6 responses to “The Next Big Thing – A New Product Snapshot”

  1. Alan W2AEW

    I used to tell the sales guys: “You can have it cheap, fast and good – pick any two”.

    Cheap+Fast = no good
    Cheap+Good = not fast
    Fast + Good = not cheap!

  2. Jed Sutherland

    And they’ll still make you build it.

    In small struggling companies, you’ll frequently have the sales people at your door, telling you they just know that they can sell more of the existing product if you just make a few simple changes. To paraphrase someone or other: if you can’t sell your pig, putting lipstick on it isn’t going to help.

    In large companies that work very closely with their customers, the customer will tell you that they want everything you ship to them to have a particular colour of button or a different way of doing something.

    It seemed so easy in engineering school.

  3. Porter

    I suppose I’ve been fortunate, but in my experience the marketing and development guys I’ve dealt with have been by and large understanding that I have a number of projects on my plate at any given time. I found that establishing and referring to a project priority list allows me to better deal with those certain individuals who think I should drop everything I’m doing and wave a magic wand and create whatever it is they’ve dreamed up. Most people realize it does not work this way, and those who don’t have been, for me, pretty easy to deal with.

    But what Alan said made be laugh, because it’s so very true.

  4. Sophi

    A funny comic about pigs and lipstick!

  5. Stanley Lee

    Is this what’s happening at your current employer and your industry colleagues at other companies?

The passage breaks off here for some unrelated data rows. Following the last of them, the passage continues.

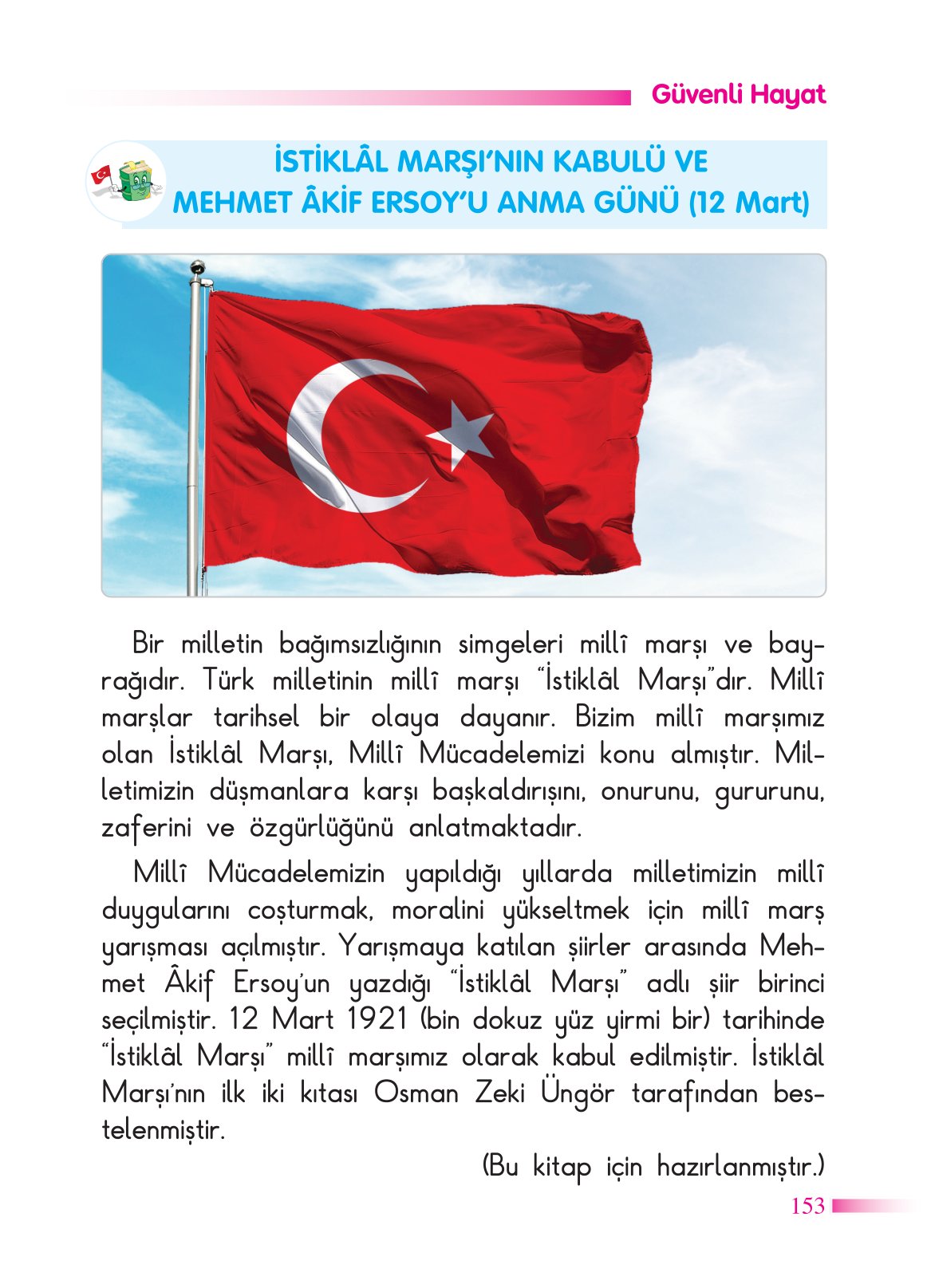2. Sınıf Sdr Yayıncılık Hayat Bilgisi Ders Kitabı Sayfa 154 Cevapları 2. Sınıf Sdr Yayıncılık Hayat Bilgisi Ders Kitabı Sayfa 154 Cevapları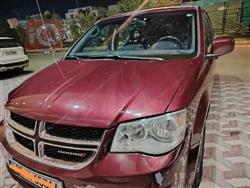 Dodge Grand Caravan 2018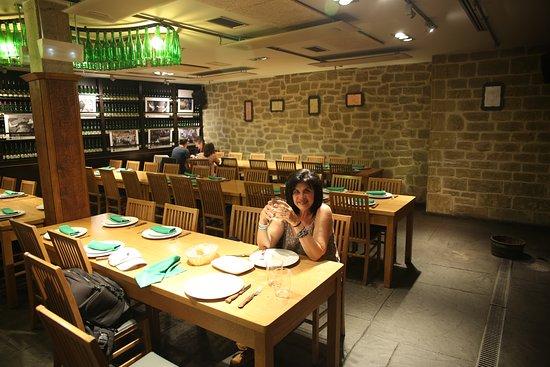 Sidrería Chez Belagua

    Exactly the reason why I’m staying away from that industry in terms of business, as I’m just focused on tackling marketing problems rather than marketing + engineering design + commissioning + manufacturing + licensing problems.

  6. ferd

    Enjoyed your logical analysis of determining what products / features to build, and when / how to allocate company resources. But unfortunately it’s a mistake to apply logic (engineering) to an illogical field (sales). Unless chief company executives have engineering backgrounds – that they still exercise – they will not go along with your analysis. Too many executives are businessmen who downplay the role of engineering (some consider engineering an unhappy expense). Too many businessmen are easily excited by Sales’ promises of profits, and they want them NOW. That’s why they hear what Sales says, over the objections of Engineering. Even if Engineering has time to do the market analysis that Sales skips, they’re not likely to be heard over Sales’ prognostications.

    I’ve had better luck gently steering Sales toward project goals that make better engineering sense. By keeping abreast of new developments in my field, I find promising and interesting features that I in turn mention to Sales. If I can get them excited about those possibilities they’re more likely to champion projects that I’d rather be working on. They’ll mention these ideas to their customers, and if they get any positive feedback voila we can get a funded project that we like. Yes it’s manipulation, but that’s how a lot of companies work. To fight fire with fire I’d rather do some manipulation than to be constantly regulated.